%%

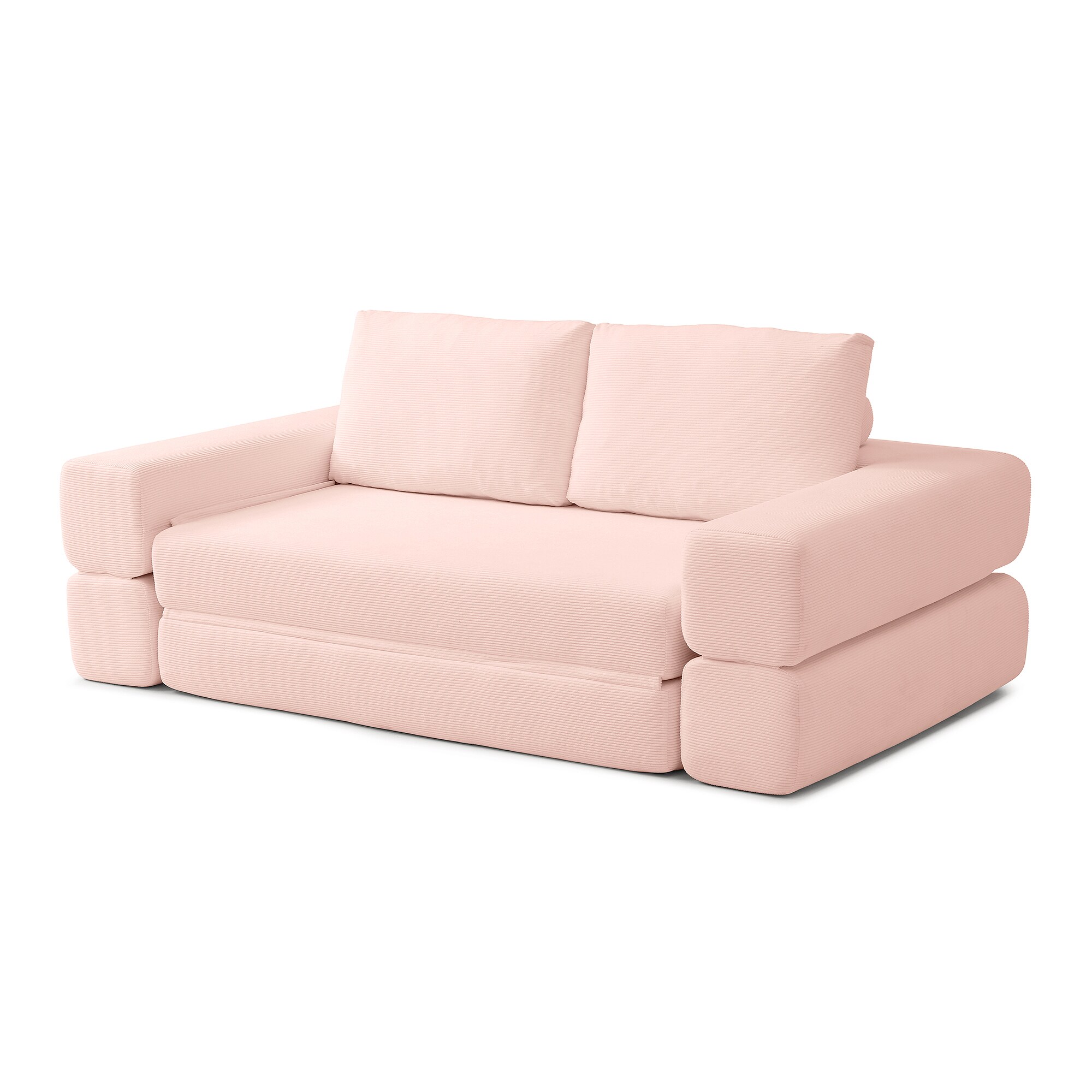 Bybafun YD6800094 futons - View #13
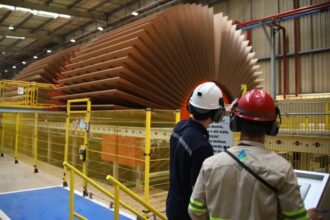 Com saldo de 6.157 empregos, Mato Grosso do Sul tem melhor desempenho no Caged em 12 meses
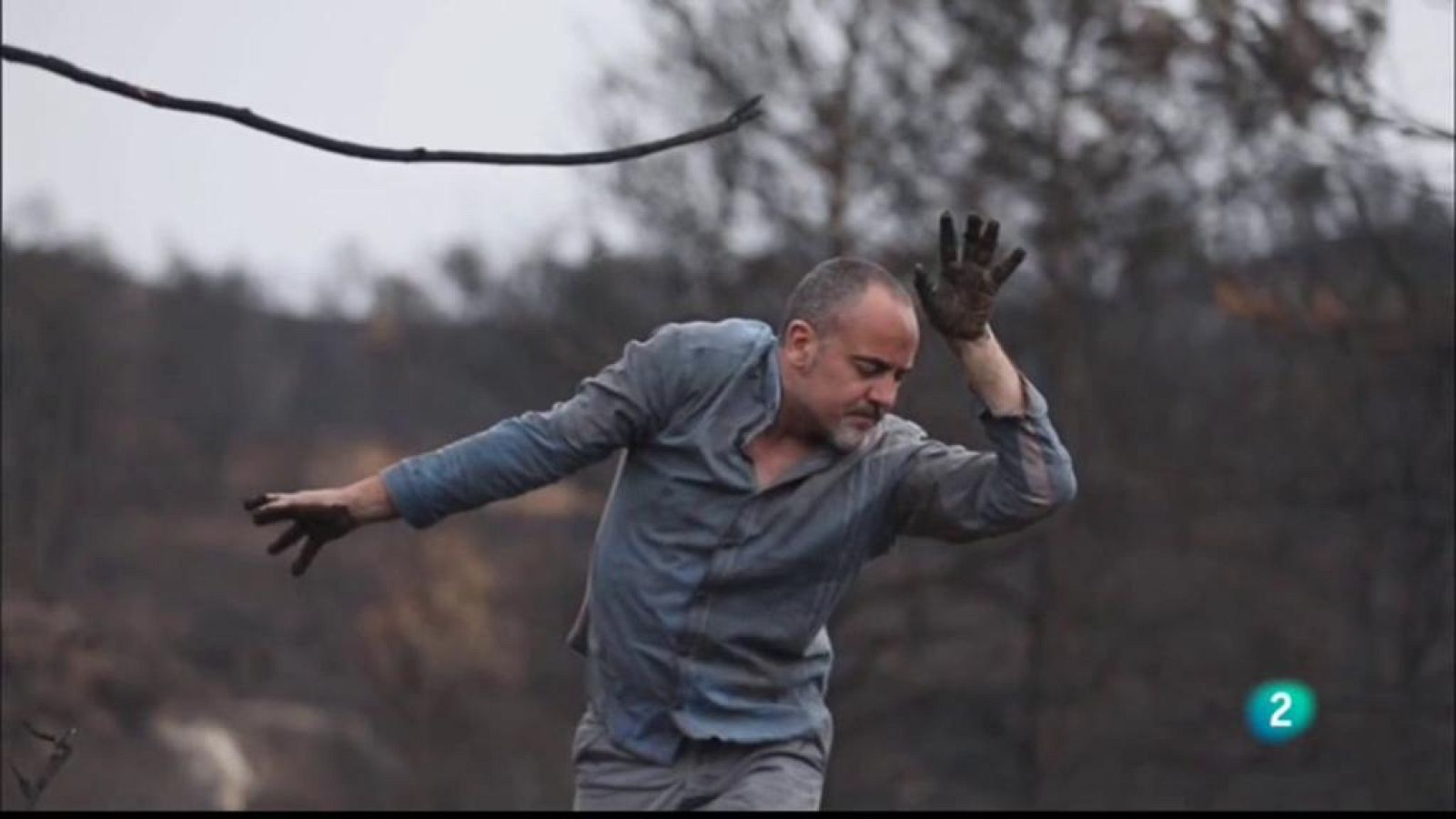 Jo soc Erasmus descobreix el programa i-Portunus, l'Erasmus dels artistes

%%

In the copy, omit the pictures and give every line of the data exactly.

▸ **RESULT BELOW**:
 Bybafun YD6800094 futons - View #13
 Com saldo de 6.157 empregos, Mato Grosso do Sul tem melhor desempenho no Caged em 12 meses
 Jo soc Erasmus descobreix el programa i-Portunus, l'Erasmus dels artistes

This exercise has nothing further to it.